Ein Beitrag von Mira Linzenmeier und Monja Langemeyer
Am Sande – Architekturgeschichte im Herzen Lüneburgs
Wer Lüneburg besichtigt, wird mit großer Wahrscheinlichkeit zu Beginn des Besuchs über den zentralen Stadtplatz Am Sande flanieren. Als einer der ältesten Plätze Lüneburgs ist dieser geprägt durch gut erhaltene architektonische Zeugnisse unterschiedlicher Stilepochen und bietet heute Passanten viele Einkaufsmöglichkeiten, Gaststätten und Hotels. Gleichzeitig bildet Am Sande den Knotenpunkt des städtischen Busverkehrssystems. Um Ihnen die Schönheit des Platzes in seiner Gänze, aber auch im Detail näherzubringen, haben wir einen Rundgang erstellt, der Ihnen die Geheimnisse der Lüneburger Baukunst offenbaren soll. Von der Gotik, über die Renaissance bis zum Barock wird Sie der Platz als Ort der Geschichte auf eine Zeitreise durch die Jahrhunderte entführen.
Ursprüngliche Nutzung und Entwicklung des Platzes
Der Platz ist im Westen durch das Gebäude der Industrie- und Handelskammer Lüneburg-Wolfsburg (IHK) abgeschlossen und fällt nach Osten hin, über eine Länge von 275 Meter, um 5 Meter ab. Somit läuft dieser auf die Westwand der imposanten Backsteinkirche St. Johannis zu, welche wir bei unserem Rundgang noch genauer betrachten werden.
Seine Anfänge hat Am Sande im 9. Jahrhundert. Mit dem sandigen, unbefestigten Untergrund lag der Platz an der Wegekreuzung der drei Siedlungszellen Lüneburgs Mons, Pons und Fons (zu Deutsch: Berg, Brücke und Quelle), welche heute noch als Stadtmarke Lüneburgs gelten. Mons (die Siedlung am Kalkberg), Fons (die Saline) und schließlich Pons – das zuerst Furten- und schon bald Brücken-Dorf Modestorpe. Das Wort Torpe stammt aus dem Mittelenglischen von dem Wort Thorpe: kleines Dorf. Modestorpe hatte seinen Ursprung als Furtsiedlung mit einer Taufkirche an der Ilmenau und war als sogenanntes Sandviertel auf sicherem Untergrund gebaut, wodurch es in der Geschichte des Platzes nie zu größeren Katastrophen durch Bodenabsenkungen kam, wie es in anderen Teilen Lüneburgs der Fall war – und bis heute der Fall ist.
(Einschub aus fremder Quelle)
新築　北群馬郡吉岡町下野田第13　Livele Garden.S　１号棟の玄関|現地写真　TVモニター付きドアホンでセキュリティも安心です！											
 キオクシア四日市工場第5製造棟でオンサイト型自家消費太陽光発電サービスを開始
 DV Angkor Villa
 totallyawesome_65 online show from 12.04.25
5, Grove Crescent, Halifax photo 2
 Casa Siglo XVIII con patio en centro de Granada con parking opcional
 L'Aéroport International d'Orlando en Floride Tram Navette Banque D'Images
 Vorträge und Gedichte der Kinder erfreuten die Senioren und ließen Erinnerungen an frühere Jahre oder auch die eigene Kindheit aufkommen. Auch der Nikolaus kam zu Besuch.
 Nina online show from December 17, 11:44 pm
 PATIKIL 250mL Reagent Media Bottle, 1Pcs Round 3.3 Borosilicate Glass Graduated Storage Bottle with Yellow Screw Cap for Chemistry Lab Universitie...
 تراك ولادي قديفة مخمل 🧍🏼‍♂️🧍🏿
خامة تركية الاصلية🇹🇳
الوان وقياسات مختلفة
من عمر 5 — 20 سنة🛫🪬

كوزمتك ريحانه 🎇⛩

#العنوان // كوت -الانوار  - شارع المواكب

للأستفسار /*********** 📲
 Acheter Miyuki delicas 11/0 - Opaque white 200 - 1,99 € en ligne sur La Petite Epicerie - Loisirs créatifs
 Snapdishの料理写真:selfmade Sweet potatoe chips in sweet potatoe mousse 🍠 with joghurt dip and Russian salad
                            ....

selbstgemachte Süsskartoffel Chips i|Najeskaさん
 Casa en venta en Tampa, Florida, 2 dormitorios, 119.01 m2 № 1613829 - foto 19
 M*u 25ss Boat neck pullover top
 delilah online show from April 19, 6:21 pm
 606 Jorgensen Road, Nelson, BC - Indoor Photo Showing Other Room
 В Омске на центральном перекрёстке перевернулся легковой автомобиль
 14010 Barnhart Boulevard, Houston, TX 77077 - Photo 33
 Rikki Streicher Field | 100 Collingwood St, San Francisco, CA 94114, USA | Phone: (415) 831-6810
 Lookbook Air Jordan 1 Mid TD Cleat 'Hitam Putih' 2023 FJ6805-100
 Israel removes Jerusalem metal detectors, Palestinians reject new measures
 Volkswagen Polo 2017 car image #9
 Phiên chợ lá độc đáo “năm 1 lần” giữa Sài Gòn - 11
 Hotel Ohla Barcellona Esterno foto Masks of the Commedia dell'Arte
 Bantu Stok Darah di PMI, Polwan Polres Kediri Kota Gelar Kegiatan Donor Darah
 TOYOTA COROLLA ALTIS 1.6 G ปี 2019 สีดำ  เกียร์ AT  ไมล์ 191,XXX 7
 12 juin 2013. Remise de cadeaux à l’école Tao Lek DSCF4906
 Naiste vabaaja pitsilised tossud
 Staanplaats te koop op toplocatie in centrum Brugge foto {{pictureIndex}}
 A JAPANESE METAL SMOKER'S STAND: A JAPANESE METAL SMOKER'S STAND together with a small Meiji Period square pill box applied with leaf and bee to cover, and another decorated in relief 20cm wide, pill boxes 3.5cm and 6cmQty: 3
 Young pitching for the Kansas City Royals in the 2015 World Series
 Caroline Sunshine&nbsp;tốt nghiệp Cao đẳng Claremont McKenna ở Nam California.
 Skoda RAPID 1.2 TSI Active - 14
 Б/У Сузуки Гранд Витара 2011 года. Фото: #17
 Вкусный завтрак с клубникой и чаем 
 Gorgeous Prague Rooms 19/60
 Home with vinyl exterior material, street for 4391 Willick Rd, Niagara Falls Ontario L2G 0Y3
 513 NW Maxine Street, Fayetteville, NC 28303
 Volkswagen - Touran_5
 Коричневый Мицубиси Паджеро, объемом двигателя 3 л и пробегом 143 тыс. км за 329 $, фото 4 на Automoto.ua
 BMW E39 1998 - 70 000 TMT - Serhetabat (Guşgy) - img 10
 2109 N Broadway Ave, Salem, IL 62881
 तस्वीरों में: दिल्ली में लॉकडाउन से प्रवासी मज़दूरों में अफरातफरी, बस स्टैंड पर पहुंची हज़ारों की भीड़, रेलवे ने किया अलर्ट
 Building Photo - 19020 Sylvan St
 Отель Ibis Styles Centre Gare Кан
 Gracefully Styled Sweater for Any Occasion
Nachdem Lüneburg um 1322 mit einem staatlichen Salzmonopol ausgestattet wurde, entwickelte sich der Platz Am Sande zum Herzstück der rasant wachsenden Handelsstadt. Der Platz wurde zum Durchgangshandelsmarkt, auf welchem die Verbindungswege der drei Ur-Siedlungen über die heutigen Straßen Heiligengeiststraße, Grapengießerstraße/Auf der Altstadt und Bei der Johanniskirche aufeinandertreffen und zugleich von Verkehrswegen nach Norden und Süden gekreuzt werden. Auf dem Platz selbst wurden verschiedene Waren gehandelt und die Fahrzeuge und Salzfuhrwerke der Kaufleute abgestellt, während die Nebenstraßen den Händlern Unterkünfte und Einkehrmöglichkeiten boten. Der Platz konnte seine zentrale Funktion im städtischen Leben über die Jahrhunderte bewahren: als Empfangsplatz für Besucher mit Hotels und Gastronomie und sogar bis 1993 in der Funktion als Parkplatz und Straße. Danach wurden die Bürgersteige verbreitert, der Platz verkehrsberuhigt und ein neues Verkehrskonzept für den öffentlichen Nahverkehr implementiert.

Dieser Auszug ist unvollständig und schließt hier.